My own reservations are noted above and in my old blog post, but I'll be revisting the Cristo Redentor with fresh eyes. By boldly announcing itself to be one of the Seven Wonders, it has put itself onto a sky high pedestal that attracts criticism and comparison that it would otherwise not have received. But, at the same time, there's no doubt it has raised its profile. It has got people talking about it. It has made me devote many years of my life to finding out if its claims are legitimate or not: you can't ask to be famous without others wondering if you deserve to be. The Cristo Redentor may only be a 30-metre-tall statue, but it has managed to become a symbol of Rio and Brazil, and has its voice heard among the big boys of the Wonder alumni. That's no small achievement. And while its fair to say that unless I have a dramatic change of heart I don't imagine the Cristo Redentor will be ranking anything close to a World Wonder in my final rankings, I expect fame and surroundings alone to lift it to a pretty decent position. It'a a great monument, but perhaps just not the greatest.

I'll be visiting the Cristo Redentor probably some time year, and will give a fuller account of it and its history then, as well as my own definitive impressions.

2 comments:

  1. "It is this position on the Corcovado that gives the Christ the Redeemer its greatness."

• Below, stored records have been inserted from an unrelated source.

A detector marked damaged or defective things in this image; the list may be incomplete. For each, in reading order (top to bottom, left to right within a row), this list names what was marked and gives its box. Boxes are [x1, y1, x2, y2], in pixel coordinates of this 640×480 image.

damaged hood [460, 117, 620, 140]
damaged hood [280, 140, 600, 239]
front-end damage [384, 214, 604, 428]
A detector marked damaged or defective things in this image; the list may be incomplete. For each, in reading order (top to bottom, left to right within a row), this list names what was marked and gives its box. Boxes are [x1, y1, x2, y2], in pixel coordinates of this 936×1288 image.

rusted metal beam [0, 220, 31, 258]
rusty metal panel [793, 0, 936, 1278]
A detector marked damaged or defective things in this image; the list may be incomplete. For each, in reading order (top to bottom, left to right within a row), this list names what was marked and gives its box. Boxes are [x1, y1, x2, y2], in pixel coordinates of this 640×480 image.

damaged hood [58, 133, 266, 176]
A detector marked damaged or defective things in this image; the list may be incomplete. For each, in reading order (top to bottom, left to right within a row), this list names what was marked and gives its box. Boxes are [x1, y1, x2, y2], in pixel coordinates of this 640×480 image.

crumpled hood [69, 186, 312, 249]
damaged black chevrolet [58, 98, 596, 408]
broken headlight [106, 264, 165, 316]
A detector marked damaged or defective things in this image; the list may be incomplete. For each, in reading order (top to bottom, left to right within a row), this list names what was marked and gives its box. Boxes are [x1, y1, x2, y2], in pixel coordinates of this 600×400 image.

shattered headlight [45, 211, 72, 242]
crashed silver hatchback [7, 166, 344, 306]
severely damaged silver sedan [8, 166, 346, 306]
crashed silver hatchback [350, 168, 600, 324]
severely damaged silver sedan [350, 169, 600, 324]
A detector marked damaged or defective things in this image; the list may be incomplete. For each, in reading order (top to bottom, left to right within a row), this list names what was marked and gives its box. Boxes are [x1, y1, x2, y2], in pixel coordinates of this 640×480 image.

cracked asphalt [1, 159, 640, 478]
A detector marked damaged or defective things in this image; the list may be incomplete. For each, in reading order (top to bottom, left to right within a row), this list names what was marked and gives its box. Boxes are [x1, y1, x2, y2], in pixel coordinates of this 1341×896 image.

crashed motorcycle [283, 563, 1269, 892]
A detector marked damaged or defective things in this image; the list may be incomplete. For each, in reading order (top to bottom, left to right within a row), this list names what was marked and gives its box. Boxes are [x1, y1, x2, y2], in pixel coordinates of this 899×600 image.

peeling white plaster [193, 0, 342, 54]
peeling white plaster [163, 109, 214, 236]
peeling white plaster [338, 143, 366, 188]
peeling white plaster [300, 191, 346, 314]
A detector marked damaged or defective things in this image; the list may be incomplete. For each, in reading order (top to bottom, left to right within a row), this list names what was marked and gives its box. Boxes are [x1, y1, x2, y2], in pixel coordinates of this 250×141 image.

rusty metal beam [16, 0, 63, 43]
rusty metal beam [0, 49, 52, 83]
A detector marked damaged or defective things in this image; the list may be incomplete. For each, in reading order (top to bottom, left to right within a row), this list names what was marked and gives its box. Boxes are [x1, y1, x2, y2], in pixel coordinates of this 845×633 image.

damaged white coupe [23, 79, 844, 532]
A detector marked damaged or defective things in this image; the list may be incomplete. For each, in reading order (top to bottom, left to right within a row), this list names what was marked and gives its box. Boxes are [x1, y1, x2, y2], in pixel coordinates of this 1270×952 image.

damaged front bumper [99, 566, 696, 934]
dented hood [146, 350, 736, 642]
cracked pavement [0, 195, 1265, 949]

    Yes. In fact they could have put just about anything there and it would be spectacular because of its position. The same cannot be said of some other potential wonders - a gothic cathedral for example rarely owes much of its splendour to its surroundings.

    To me the Cristo Redentor is like a cherry on top of Rio's true wonder - its natural surroundings of bays and peaks.

    ReplyDelete
    Replies
    1. Yeah, I think you may just have written my review for me.